Zeulen met het afvalputje van Utrecht
Hoog Catharijne is bevrijd van drugsoverlast. Zelfs de trappen zijn ’s nachts niet meer gevuld met slapers. Ook in de omgeving van het winkelcentrum is het rustig. Waar zijn de verslaafden en daklozen gebleven?
Sinds 1 juni dit jaar is overnachting in het grootste overdekte winkelcentrum van Nederland niet meer toegestaan. Bovendien is drugsgebruik op straat verboden. Buiten slapen behoort met de naderende winter niet tot de meest aantrekkelijke opties.

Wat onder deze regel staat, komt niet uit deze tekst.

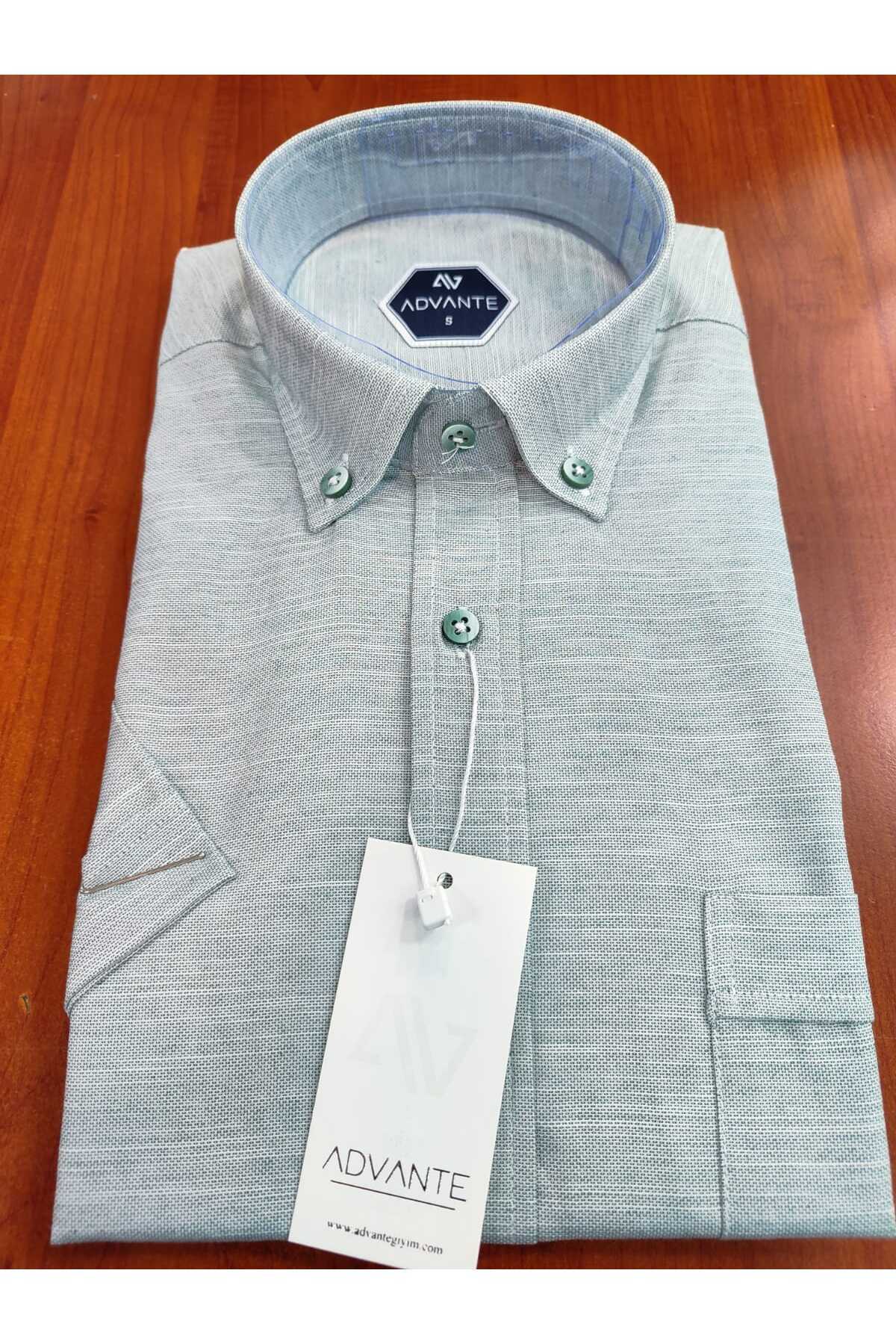 ADVANTE-Güncüoglu 100% Cotton Short Sleeve Pocket Terry Cotton Classic Men's Shirt 4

Harddrugsverslaafde dak- en thuislozen vinden sinds afgelopen zomer onderdak in een van de drie zorgcentra in het stationsgebied van Utrecht. Woensdagochtend opende burgemeester A. Brouwer het derde zorgcentrum aan de Catharijnesingel onder het naar deze singel vernoemde winkelcomplex. „Wij zeulen hier met het afvalputje van de stad”, zegt unitmanager Lennard Lamers.
Aan tafel slapen drie mannen onder een hoopje dekens. „Zij zitten hier al sinds vannacht.” Iets verderop zijn twee gebruiksruimten, een voor spuitende en een voor rokende verslaafden. In de spuitafdeling rommelt een man met een lange naald, verstrekt door het zorgcentrum. In de rokersruimte staren dertig paar holle ogen vooruit. Een enkeling slaapt. Af en toe stapt iemand op of komt er een nieuwe verslaafde binnen. Sommigen zitten hier uren doelloos voor zich uit te kijken. „Er zijn er nogal wat die dit als hun thuis beschouwen”, zegt Lamers.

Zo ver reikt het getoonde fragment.